“King Richard” is a strange and conflicting beast. It’s a film that finds a language to render powerful compositions of courts as colosseums of unfathomable expectations. It’s also an incredibly patronising, mischaracterised portrait of its subject and the landscape of race in America. Right at its centre is Will Smith offering perhaps the worst performance of his career.
Directed by Reinaldo Marcus Green and written by screenwriting newcomer Zach Baylin, “King Richard” is the rose-coloured, revisionist history of the uncompromising force, Richard Williams, the obsessive sporting Dad behind the most remarkable tennis family in the history of the sport.
Setting the scene in the cultural lightning rod of Compton, Los Angeles in the 1990s, tennis fanatic Richard (Will Smith) has been grooming his daughters Venus (played with buoyant composure by Saniyya Sidney) and Serena (played with simmering determination by Demi Singleton), since birth for a singular purpose; greatness. Battling limited resources, gang violence and meddling neighbours, Richard Williams will stop at nothing to see his daughters fulfil his grand design.
Let’s start this game with the aces. Finding a way to capture tennis genuinely in the film is no mean feat. Tennis is a sport that has a broadcast language all of its own. Coverage of tennis has been evolving and innovating to the stage that match directors commentate with “frankenbites” by injecting super slow-motion reaction shots from the competitors between games and even points.
Green and his cinematographer Robert Elswit collapse the distance between the audience and the competitors – taking us one impossible step closer to the action and emphasising the speed of the shots and the strange way that distances feel farther lunging for the ball.
Saniyya Sidney nails the bright, unquenchable belief in Venus Williams. Demi Singleton, too, strikes the perfect balance between the supportive and suppressed power of Serena Williams. Both Sidney and Singleton do terrific work on the court to make the tennis convincing, and the film would fail without it.
Aunjanue Ellis is the foundation of “King Richard” as Oracene ‘Brandy’ Williams. With Smith strutting through the film, at best a caricature of the subject, Ellis maintains the emotional reality of the matriarch that stabilises Richard’s uncompromising rollercoaster behaviour. The ways that she chooses to play judo with each impulsive decision creates a haven for her daughters (three in addition to Venus and Serena). When she finally reveals how she feels, Smith is forced to bring his A-game.

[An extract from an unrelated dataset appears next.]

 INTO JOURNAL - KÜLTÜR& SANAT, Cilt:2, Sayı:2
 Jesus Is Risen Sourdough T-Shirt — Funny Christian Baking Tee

I do not know what the consistently terrific Jon Bernthal is doing as Rick Macci – coach extraordinaire of the Williams sisters – but man, oh man, could I watch him do it all day. The hair, the moustache you could set your watch to, the shortest of shorts; the usually intense Bernthal is bursting with raw enthusiasm and encouragement. But, of course, the longer he’s associated with Williams, the more he faces the dejection of goalposts being moved; butthurt Bernthal is a fragile joy to behold.
This is where the momentum shifts. Baylin’s script – a Blacklist discovery – was initially conceived of without the endorsement or collaboration of the Williams family, but evolved into one with their blessing and producer credits.
It’s clear that a figure such as Richard Williams almost demands re-examination. Williams built a near-mythical reputation for his daughters’ ability and potential long before they found their way onto the professional circuit.
The patronising media discourse consistently positioned him as a side-show buffoon, the implication that this overconfident underprivileged black man could not possibly know anything about the sport of tennis to groom not one but TWO powerhouses, once in a generation, players. The greatest shame with “King Richard” is that the film reinforces the impulsive, reactionary impression of the man in many ways.
In “King Richard”, Green and Baylin, despite the extremely heated racially radicalised context, position that the primary foes to the Williams’ success are the community conflict in and around Compton. The film uses nosey neighbours as tactical distractions and gangland figures that pressure the Williams family to points of contrived and deeply irresponsible life trajectory altering moments. The hostile class contrasts between the Williams family and their budding sponsorship/management suitors feel more civil when screaming alarms of exploitation.
Finally, Will Smith’s central performance as Richard Williams is one of the most embarrassing of his career. From the moment he’s on-screen, sounding like Adam Sandler’s Bobby “The Waterboy” Boucher, you realise that this is the kind of performance that a director like Michael Mann feared.
For “Ali”, Smith’s most transformative and transcendent performance reaped the benefits of an imposed method preparation. Eleven months of physical and dialect training had Smith talking to his children as the “greatest of all time.” Smith isn’t embodying Richard Williams. Instead, it is a two and a half hour unintentional “Saturday Night Live” cosplay that simplifies what is ultimately a profoundly ambivalent character. In the gracious, über talented, and titanic champion status of his daughters Venus and Serena, it’s evident that Williams method – however mad – got results.
“King Richard” is to Richard Williams what “Bohemian Rhapsody” was to Freddie Mercury. The biopic is dead, but that won’t stop the feature-length, cosplay desecration.